Il semble aujourd’hui assez ironique que ce soit sur un tel scénario qu’Orson Welles tente, en 1958, de réintégrer Hollywood : le titre, comme le personnage qu’il incarne, peuvent être lus comme des métaphores à peine voilée du rapport que le metteur en scène entretient avec les studios : composer avec eux, c’est, nécessairement, se corrompre. La figure de Quinlan, ripoux obèse, repoussant et pourtant dans le vrai sur ses théories policières, pousse le flic Heston à employer les mêmes méthodes que lui pour le piéger. Aporie qui est celle du démiurge Welles, condamné à monter des financements, tout en en dévorant une partie dans ses appétits individuels et gargantuesques…
La Soif du Mal est un petit film noir initialement sans grande prétention. L’œuvre qui en résulte est une nouvelle preuve, si cela était encore nécessaire, de l’apport fondamental de la forme lorsqu’un véritable cinéaste est aux commande. La démonstration de force se fait dès les premières minutes, sur ce plan séquence d’anthologie qui tresse tous les fils narratifs et les motifs géographiques du récit : deux pays, une frontière, un flic à la fois en mission et impliqué dans sa vie privée. Une mécanique bien huilée, à l’origine d’un défilé de personnages secondaires hauts en couleurs, comme on a déjà vu dans Arkadin : un tenancier d’hôtel presque aussi inquiétant que le sera celui de Psychose deux ans plus tard, une vielle gitane en la personne de Marlene Dietrich, les cartels mexicains… Les prises de vues sont sublimes, les mouvements de caméras virtuoses et les portrait ont toujours cette étrange singularité permettant de révéler l’indicible part de monstre qui sommeille en chaque individu.
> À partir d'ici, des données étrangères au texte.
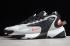 2020 Nike Zoom 2K Uomo Grigio Bianco Nero White Black A00269 010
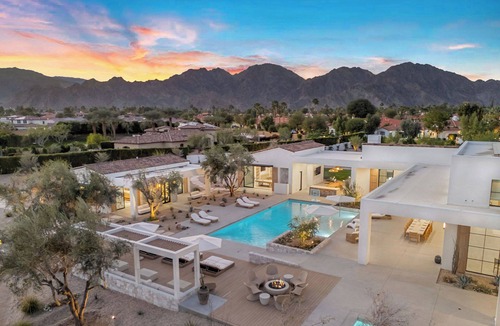 La Quinta House | Olive Grove Estate 4 Acre Luxury Compound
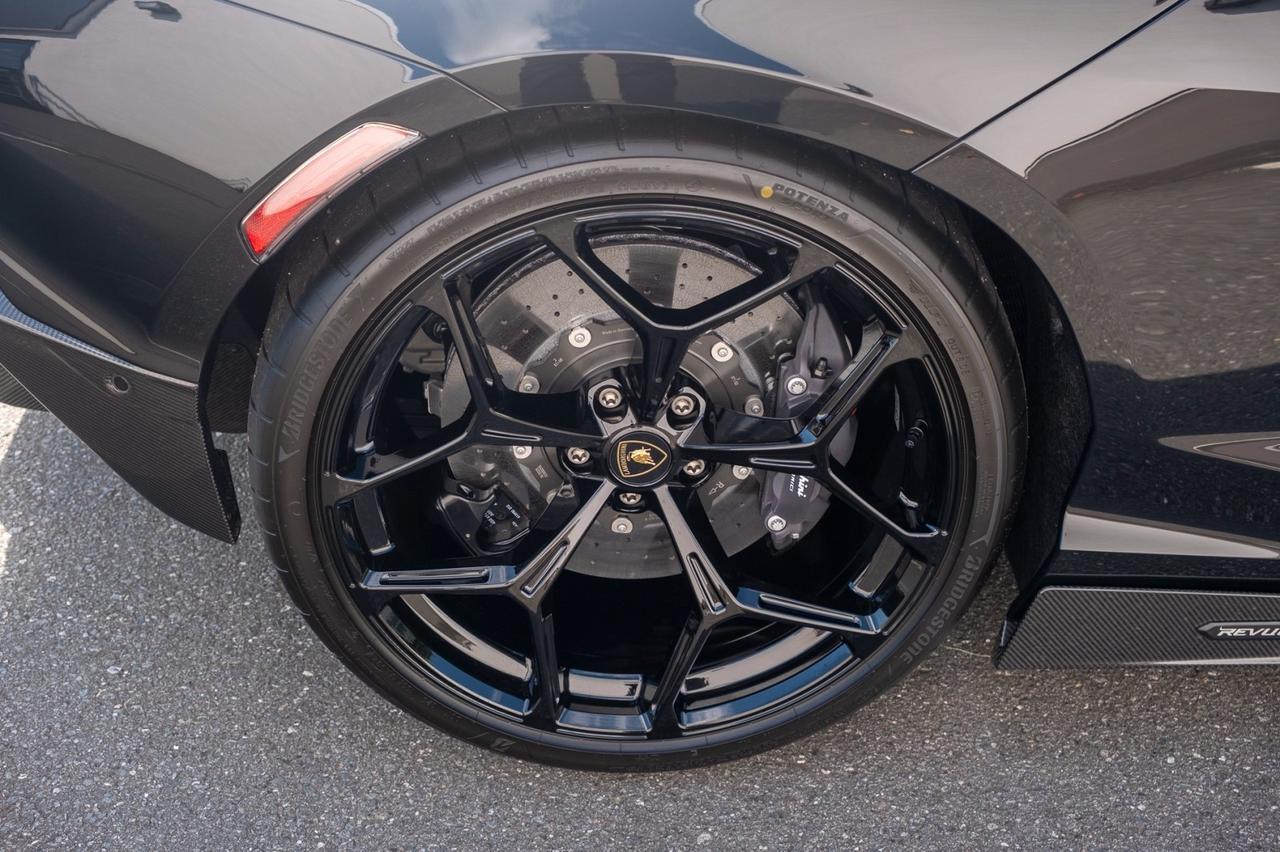 2025 Lamborghini Revuelto Charlotte NC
Welles exploite comme personne les lieux : à l’issue de ce passage de frontière initial, tout n’est que trajets, enfermements et filatures. Chaque espace fixe est scruté (l’hôtel pour la jeune épouse, la bicoque de Dietrich) dans sa profondeur et situé dans un environnement dont on pose avec malice les dangers : trop isolé, ou au contraire enfermé dans une promiscuité problématique. La filature finale, jouant sur les zones industrielles, les structures métalliques, le pont, se double d’un travail sur le son redoutable d’efficacité, l’écoute permettant une omniscience supplémentaire : cet expressionisme qui rappelle celui du Troisième Homme de Reed donne toutes ses noblesses au film noir.
Difficile pourtant d’expliquer ce qui fait de ce film un opus moins intense qu’un grand nombre d’autres du cinéaste : la modestie de son intrigue ? le remontage par le studio, même si nous pouvons voir aujourd’hui une version moins tronquée et plus fidèle aux instructions du maître ? Quoi qu’il en soit, la dynamique ne fonctionne pas de façon homogène, et le génie reste essentiellement visuel : les personnages sont davantage des fonctions que des incarnations, et certains temps morts empèsent un peu l’ensemble, qui manque de la folie qu’on avait chez Arkadin pour transcender les limites du genre.
…Reproches de cinéphile gâté, on en conviendra, tant ce film reste à bien des égards un sommet esthétique et formel. Mais c’est bien là le drame du génie Welles que d’être sans cesse confronté à sa pesante grandeur.